Así las cosas, en mi casa de la colonia Condesa, en las calles de Veracruz, me sentí a mis anchas. El departamento se veía impoluto por donde se le viera. Todo lucía albeando —así decía mi madre cuando sacaba la ropa de la lavadora—, impecable. El siguiente fin de semana contraté una camioneta y me mudé. Había empacado mis cosas del mejor modo posible. Carezco de antigüedades o de objetos de embalaje peligroso. Más bien mis escasas pertenencias son fácilmente transportables. Los señores de la mudanza dejaron las cosas donde supuestamente habrían de ir, y empecé a vaciar las cajas. Me sentía realmente contento haciendo esa tarea. Sacaba los ceniceros y enseguida me veía fumando; sacaba mis copas —perfecta y absolutamente corrientes— y me veía brindando conmigo mismo (soy incapaz de invitar a ningún amigo, que ni tengo, mucho menos una mujer, a compartir una ceremonia tan elevada). Sacaba un libro —de los escasísimos pero selectos libros que poseo—, y me veía arrellanado en mi sillón reposet absorbiendo la lectura de aquel volumen.
A continuación proseguí a colgar mis camisas y pantalones en el clóset —no tengo chamarras ni sacos. Los extraía de la caja, los desdoblaba y los colgaba en su respectivo gancho —tengo los mismos ganchos desde hace más o menos veinte años, cuando Oriana me dejó.
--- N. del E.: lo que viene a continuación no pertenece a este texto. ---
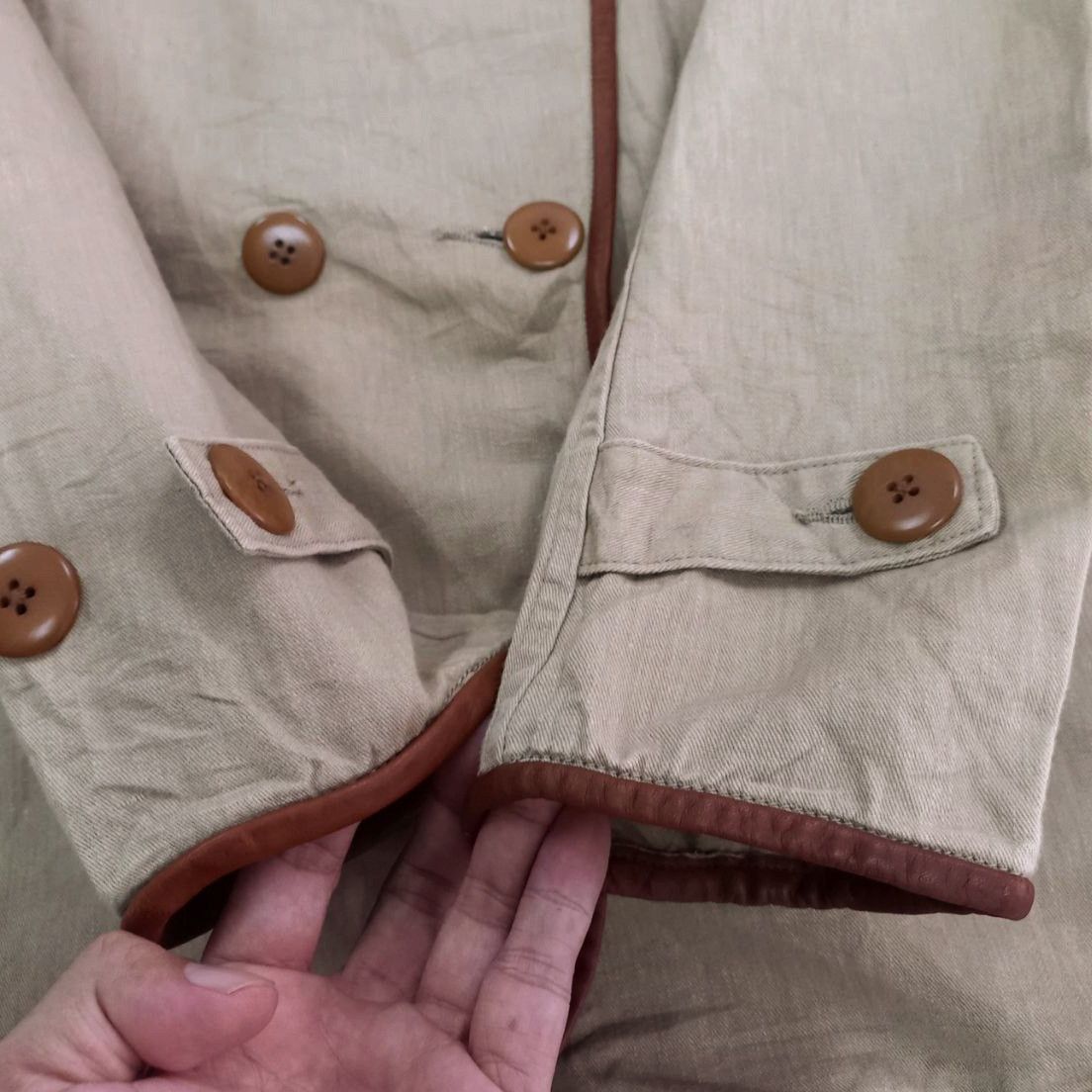 Vintage KAPITAL Hemp Chino Cross P-Coat Jacket - 12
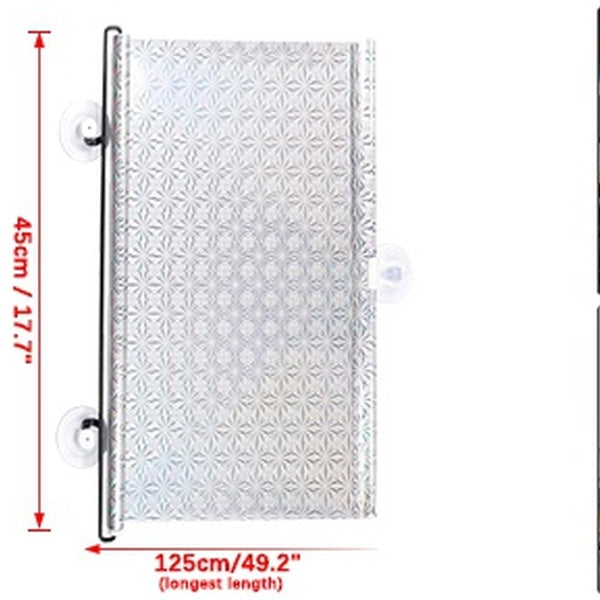 Car Retractable Windshield Sun Shade Visor Curtain Roller Blind 125 x 45cm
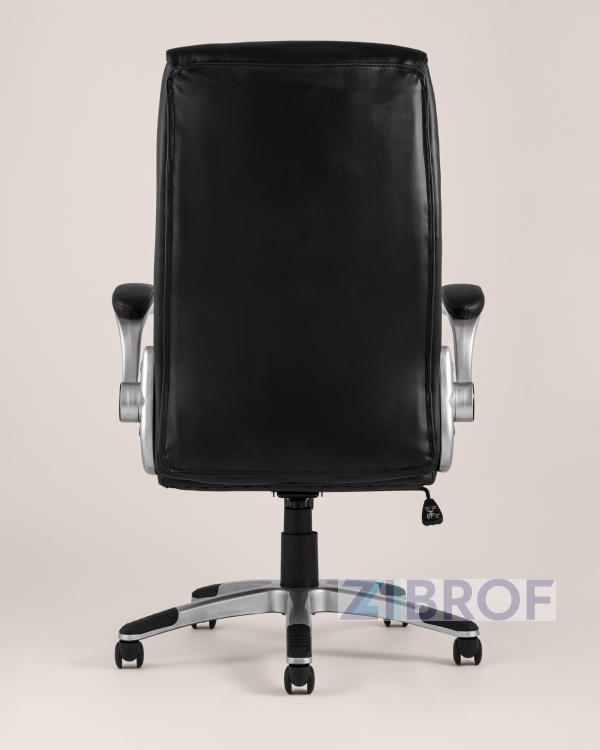Компьютерное кресло TopChairs Force офисное черное, обивка из экокожи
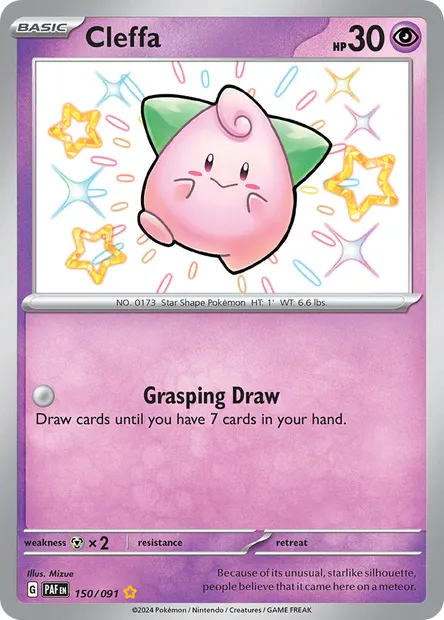 Cleffa, Pokémon card PAF 150 — Paldean Fates set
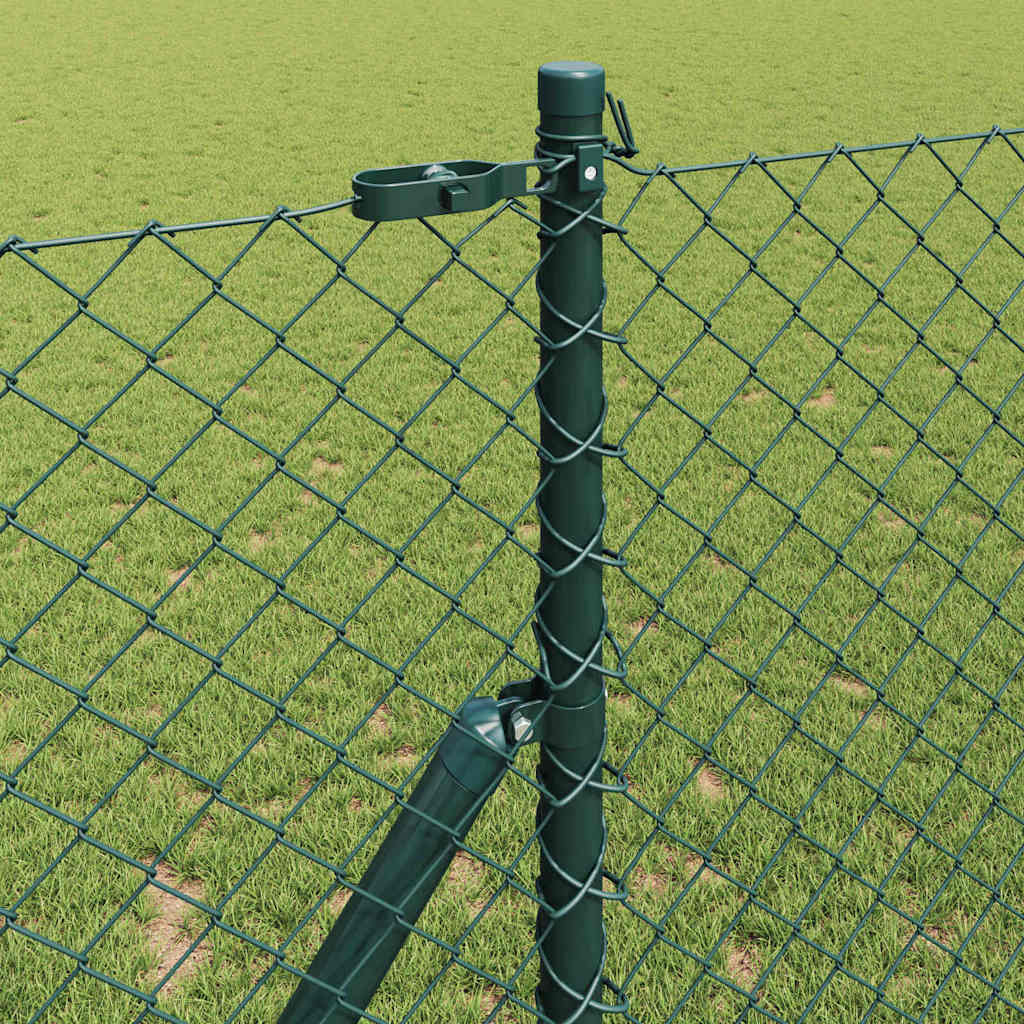 vidaXL Zaunpfosten Grün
Y digo gancho respectivo porque cada camisa, siete en total, va con el pantalón que supuestamente le va mejor; aunque aclaro que todos son de mezclilla azul. Igualitos.
Y en esas estaba, cuando vi ante mis ojos un mensaje escrito en la pared interior del clóset. Decía: “Marisela, 1977. Quien viva aquí después nunca borre esto, por favor. Abra el clóset al mediodía un rayo de luz iluminará esta inscripción. Y Marisela será otra vez la niña traviesa y solar que la escribió”. ¿Estaba desvariando? Seguramente se trataba de una broma. Vino a mi mente un fenómeno parecido que acontece en una pirámide de Chichén Itzá, en que en un momento del día, cuando el sol pega en la escalera principal, es posible distinguir una serpiente que va desde la base hasta la punta.
Esperé hasta la hora indicada en el mensaje, y vi cómo un rayo de sol entraba paulatina y sosegadamente por la habitación y finalmente acariciaba el nombre de aquella niña. No puede ser, exclamé, ¿por qué pasa esto?, ¿qué extraño artilugio hay aquí?, ¿por qué me sucede esto a mí?, me pregunté mientras una gota de sudor escurría por mi nuca.
Al día siguiente me levanté tempranísimo. Acudí a comprar una buena provisión de alimentos y me dispuse a esperar. Y a imaginar: ¿Cómo sería Marisela hoy día? ¿Qué clase de mujer sería? (Su caligrafía era hermosa: reflejaba carácter, sensualidad, hipersensibilidad; además de que daba una orden.) Tendría tipo intelectual. De gafas. Todo lo ignoraba yo, pero me propuse esperar. Algo habría de revelárseme.
Y así fue —o cuando menos yo lo pensé así. Al vigésimo quinto día de no moverme de mi sitio de vigía, la “a” final de Marisela había desaparecido. Me quedé sin aire.
Sin poderme resistir, decidí proseguir la vigilancia.
Como ya se había vuelto costumbre, surtí mi despensa. Quería ser testigo. No tuve que esperar mucho. A la semana siguiente, la “s” había volado. Sentí un escalofrío. Una sensación de desfallecimiento. Ni siquiera a través de su nombre, una persona quería hacerme compañía. Me faltaron fuerzas y caí al suelo. Me desplomé con todo mi peso. Quise incorporarme y no lo logré. Apenas pude abrir los ojos. En ese instante, me percaté que la “r” se hacía aire.
Percibí que aquel rayo de sol se dirigía a mi cara.